[STUDY MATERIAL]
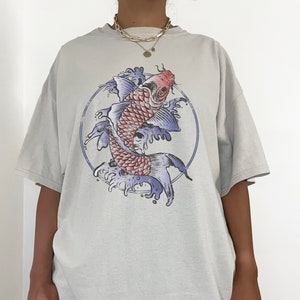 May include: A light gray oversized t-shirt with a graphic print of a red and blue koi fish swimming in a circle of water. The model is wearing the shirt two sizes up from her normal size. "THE MODEL IS WEARING 2 SIZES UP FROM HER NORMAL SIZE" is printed on the bottom of the image.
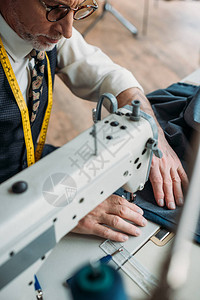 在缝纫车间用缝纫机缝纫机的英俊专业裁缝纫布图片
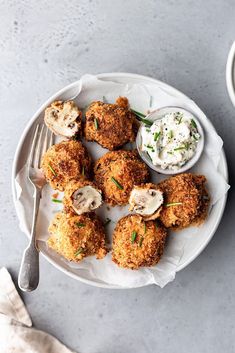 a white plate topped with fried food next to a bowl of ranch dressing and a fork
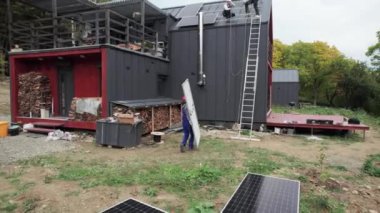 Teknisyen evin çatısına güneş paneli kuruyor. Dışarıda fotovoltaik güneş modülü taşıyan kasklı bir işçi. Alternatif ve yenilenebilir enerji kavramı.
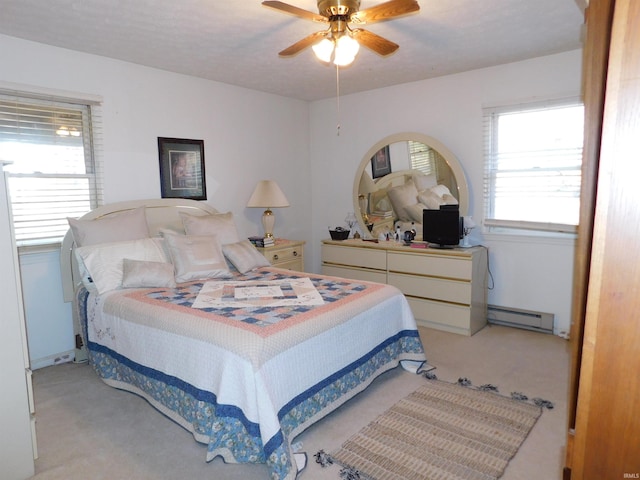 bedroom with light colored carpet, a baseboard radiator, and ceiling fan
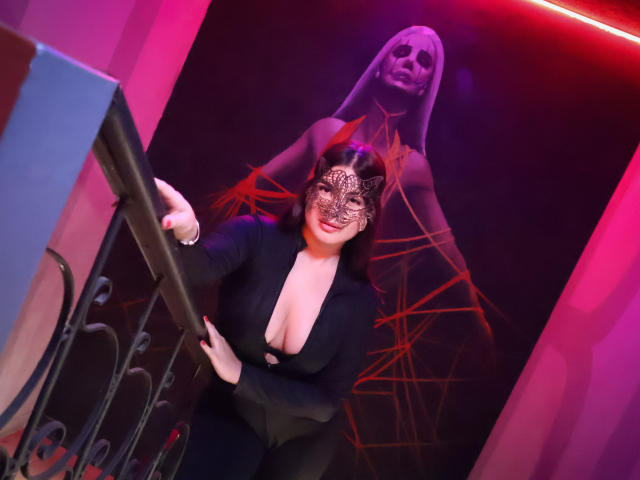 CamilaSofiia with red mask, black dress, and deep cleavage, leaning on a railing, standing in front of a large, red-lit, black-and-white portrait of another masked woman.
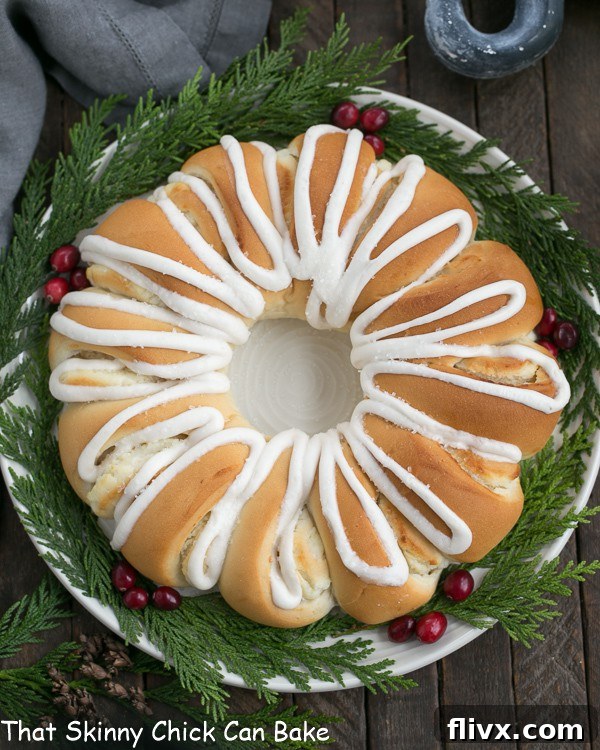 Overhead view of a golden brown Cream Cheese Tea Roll, beautifully glazed and ready to be served on a white plate, symbolizing comfort and indulgence.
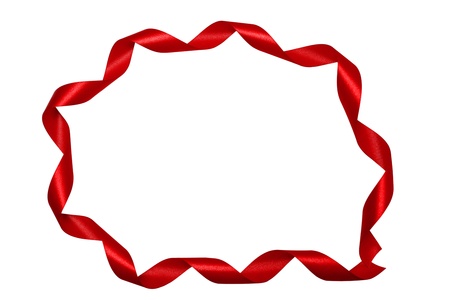 Shiny red satin ribbon on white backgroundの写真素材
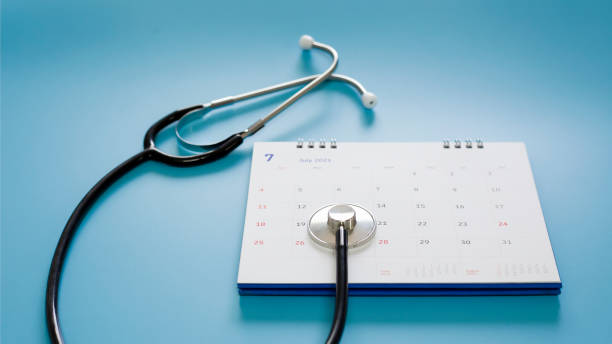 istock Stethoscope with date on calendar page on wooden table medical concept 1319948830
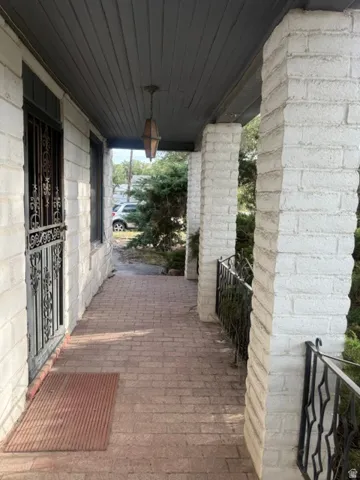 Covered porch with brick flooring, painted brick columns, decorative wrought iron railings, and a plank ceiling with a pendant light fixture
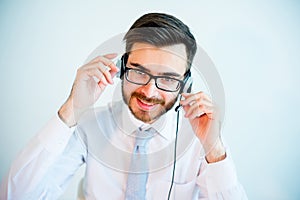 Smiling male call center operator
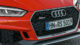 Close-up of a red Audi RS5 front grille showcasing logo, license plate, and sleek design details on a textured ground.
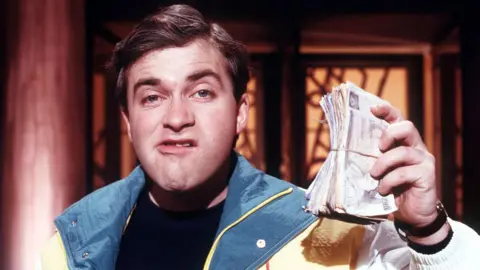 ITV/Shutterstock Harry Enfield as Loadsamoney on Channel 4's Friday Night Live in 1988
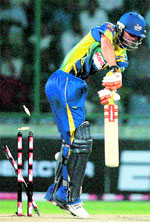 Cobras Andrew Puttick is bowled by Dirk Nannes on Monday.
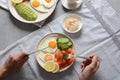 Healthy breakfast concept, fried eggs, avocado and smoked salmon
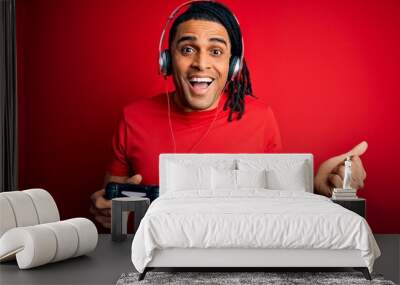 African american man with dreadlocks playing video game using joystick and headphones screaming proud and celebrating victory and success very excited, cheering emotion Wall mural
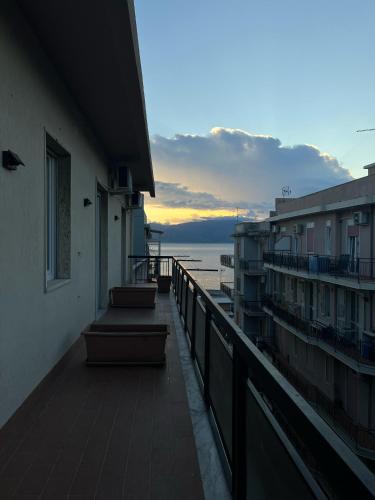 a balcony of a building with a view of the ocean at Stilla Chjara in Reggio Calabria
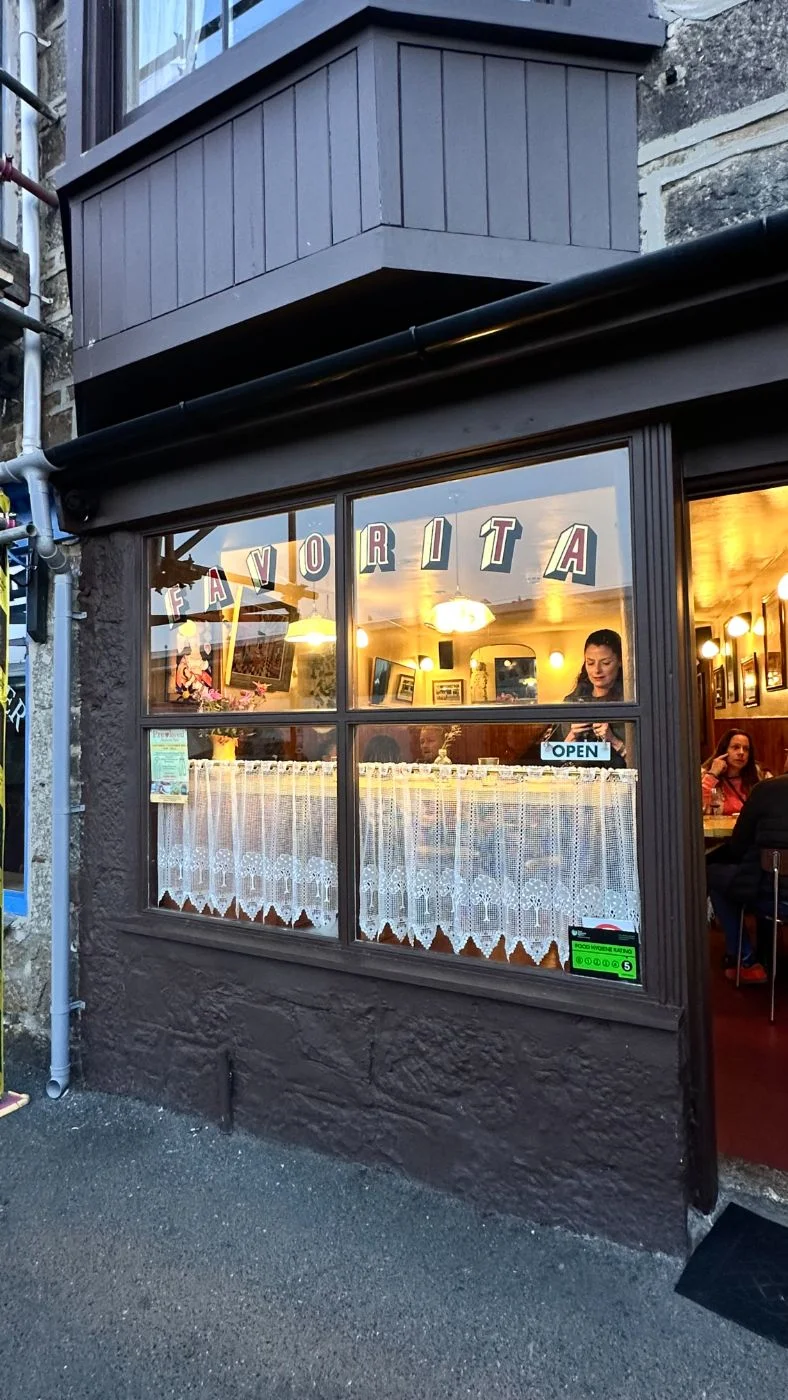 Favorita restaurant window at dusk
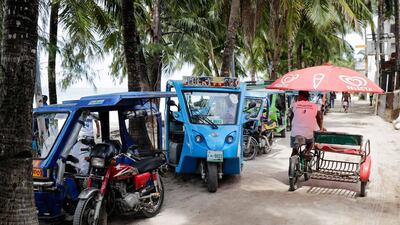 Tricycles and e-trikes wait for daytrippers.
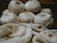 Several skeins of cream-colored yarn sit in the background, while knitting needles hold a partly-knitted fabric in the foreground. The scene suggests a cozy, crafty atmosphere.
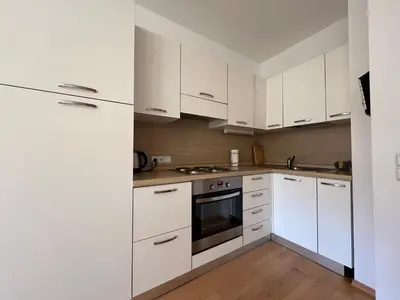a white kitchen with white cabinets and appliances at Saint Martin Guest House in Cornaiano
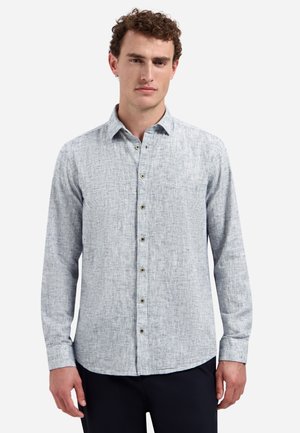 Mann trägt ein hellgraues, strukturiertes Hemd mit langen Ärmeln und Knöpfen sowie dunkle Hosen vor weißem Hintergrund.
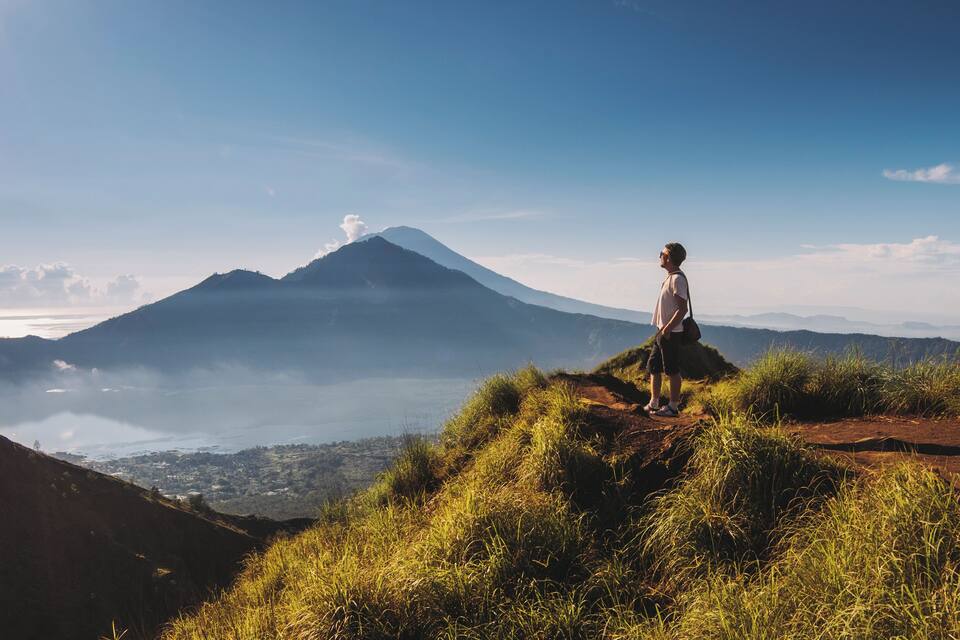 A person standing on a grassy hill overlooking a mountain and a valley.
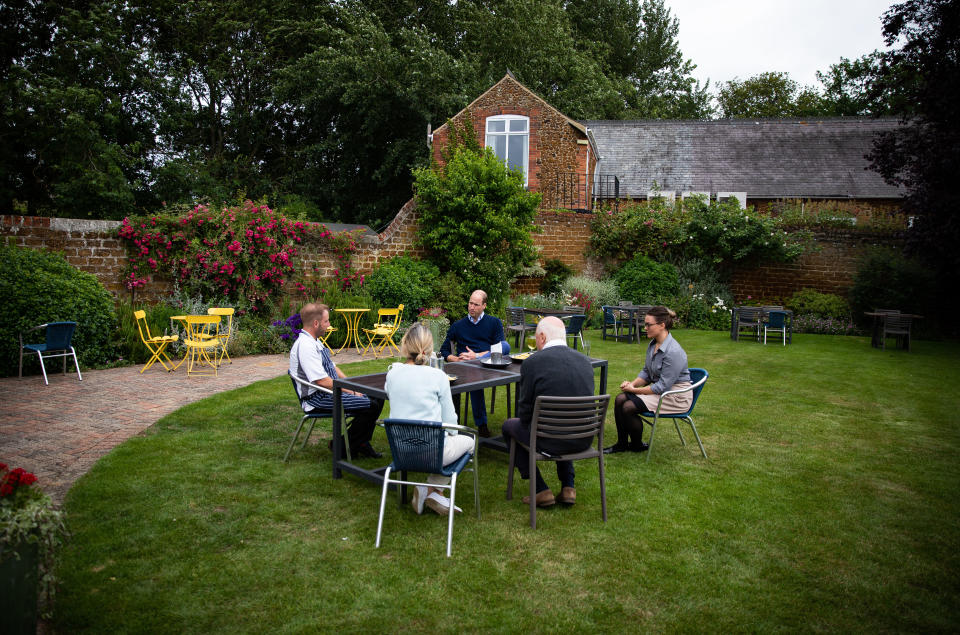 EMBARGOED TO 2230 BST FRIDAY JULY 3 The Duke of Cambridge talks to the landlords and workers at The Rose and Crown pub in Snettisham, Norfolk.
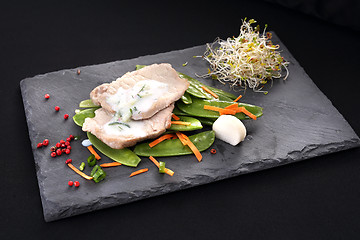 Image showing Cooked meat on a sweet pea salad served with white yoghurt sauce.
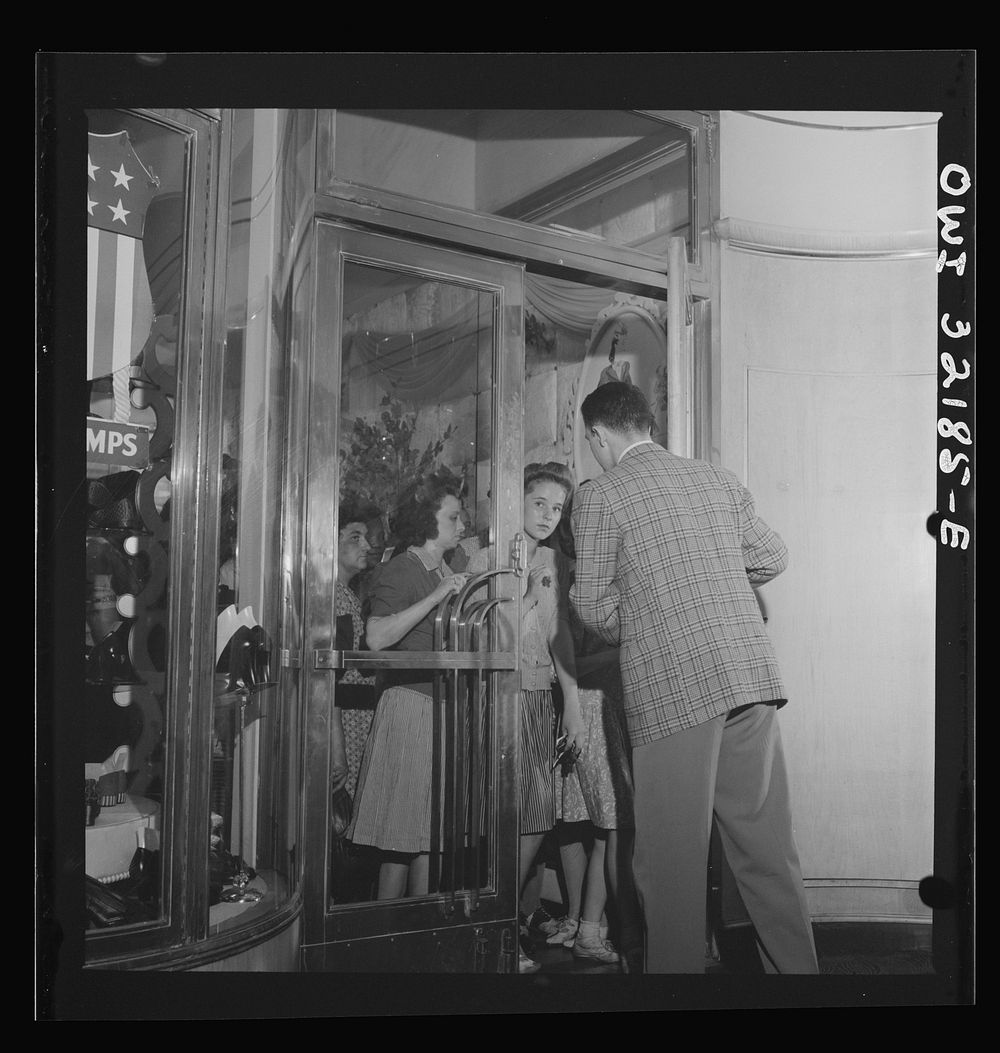 Washington, D.C. A shoe store clerk opening the door to customers on the last day on which war ration shoe coupon seventeen…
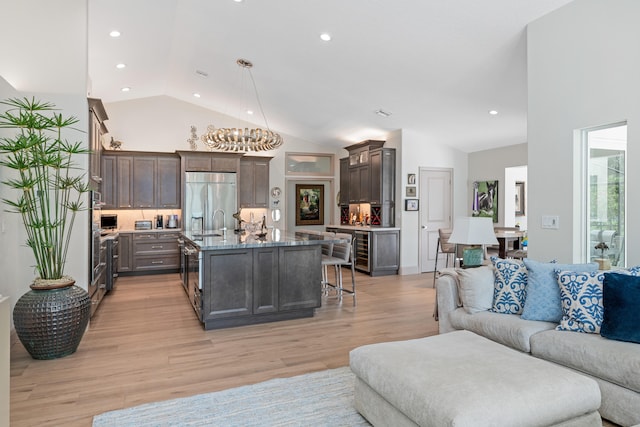 living room featuring sink, wine cooler, high vaulted ceiling, and light hardwood / wood-style flooring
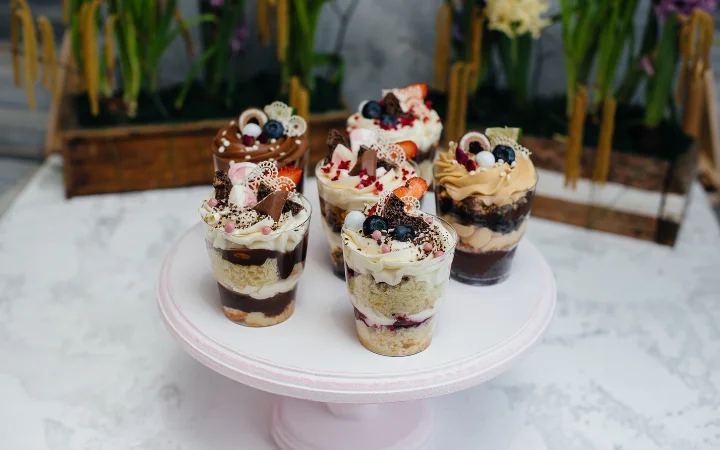 A celebratory scene of a home baker presenting a tray of desserts adorned with homemade flavored whipped cream to a group of friends gathered around a kitchen island, sharing smiles and toasts.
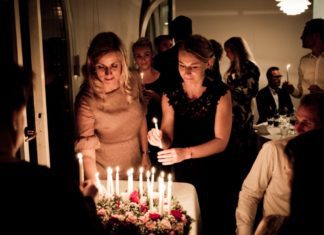 Two women standing by a birthday cake with lit candles. Image in Providence Moms Blog post on life lessons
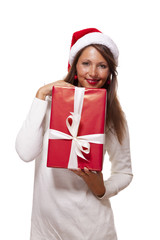 Pretty woman in a Santa hat with a large gift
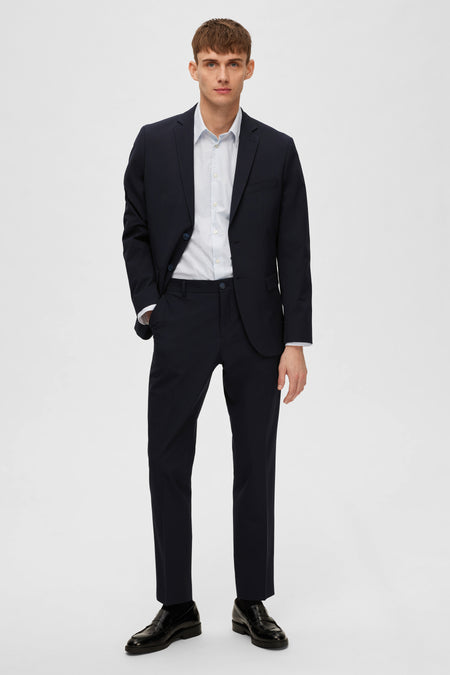 Blazer bleu de SELECTED, porté avec une chemise à motif discret et des chaussures noires.
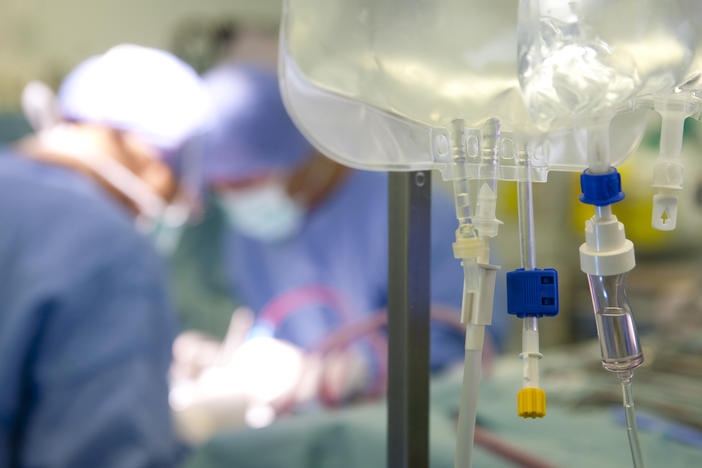 Surgeons remove the liver and kidneys of a deceased donor, for later transplantation.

[PROBLEM DESCRIPTION]
The data above should be restated exactly, with its images dropped.

[SOLUTION TO THIS PROBLEM]
 May include: A light gray oversized t-shirt with a graphic print of a red and blue koi fish swimming in a circle of water. The model is wearing the shirt two sizes up from her normal size. "THE MODEL IS WEARING 2 SIZES UP FROM HER NORMAL SIZE" is printed on the bottom of the image.
 在缝纫车间用缝纫机缝纫机的英俊专业裁缝纫布图片
 a white plate topped with fried food next to a bowl of ranch dressing and a fork
 Teknisyen evin çatısına güneş paneli kuruyor. Dışarıda fotovoltaik güneş modülü taşıyan kasklı bir işçi. Alternatif ve yenilenebilir enerji kavramı.
 bedroom with light colored carpet, a baseboard radiator, and ceiling fan
 CamilaSofiia with red mask, black dress, and deep cleavage, leaning on a railing, standing in front of a large, red-lit, black-and-white portrait of another masked woman.
 Overhead view of a golden brown Cream Cheese Tea Roll, beautifully glazed and ready to be served on a white plate, symbolizing comfort and indulgence.
 Shiny red satin ribbon on white backgroundの写真素材
 istock Stethoscope with date on calendar page on wooden table medical concept 1319948830
 Covered porch with brick flooring, painted brick columns, decorative wrought iron railings, and a plank ceiling with a pendant light fixture
 Smiling male call center operator
 Close-up of a red Audi RS5 front grille showcasing logo, license plate, and sleek design details on a textured ground.
 ITV/Shutterstock Harry Enfield as Loadsamoney on Channel 4's Friday Night Live in 1988
 Cobras Andrew Puttick is bowled by Dirk Nannes on Monday.
 Healthy breakfast concept, fried eggs, avocado and smoked salmon
 African american man with dreadlocks playing video game using joystick and headphones screaming proud and celebrating victory and success very excited, cheering emotion Wall mural
 a balcony of a building with a view of the ocean at Stilla Chjara in Reggio Calabria
 Favorita restaurant window at dusk
 Tricycles and e-trikes wait for daytrippers.
 Several skeins of cream-colored yarn sit in the background, while knitting needles hold a partly-knitted fabric in the foreground. The scene suggests a cozy, crafty atmosphere.
a white kitchen with white cabinets and appliances at Saint Martin Guest House in Cornaiano
 Mann trägt ein hellgraues, strukturiertes Hemd mit langen Ärmeln und Knöpfen sowie dunkle Hosen vor weißem Hintergrund.
 A person standing on a grassy hill overlooking a mountain and a valley.
 EMBARGOED TO 2230 BST FRIDAY JULY 3 The Duke of Cambridge talks to the landlords and workers at The Rose and Crown pub in Snettisham, Norfolk.
 Image showing Cooked meat on a sweet pea salad served with white yoghurt sauce.
 Washington, D.C. A shoe store clerk opening the door to customers on the last day on which war ration shoe coupon seventeen…
 living room featuring sink, wine cooler, high vaulted ceiling, and light hardwood / wood-style flooring
 A celebratory scene of a home baker presenting a tray of desserts adorned with homemade flavored whipped cream to a group of friends gathered around a kitchen island, sharing smiles and toasts.
 Two women standing by a birthday cake with lit candles. Image in Providence Moms Blog post on life lessons
 Pretty woman in a Santa hat with a large gift
 Blazer bleu de SELECTED, porté avec une chemise à motif discret et des chaussures noires.
 Surgeons remove the liver and kidneys of a deceased donor, for later transplantation.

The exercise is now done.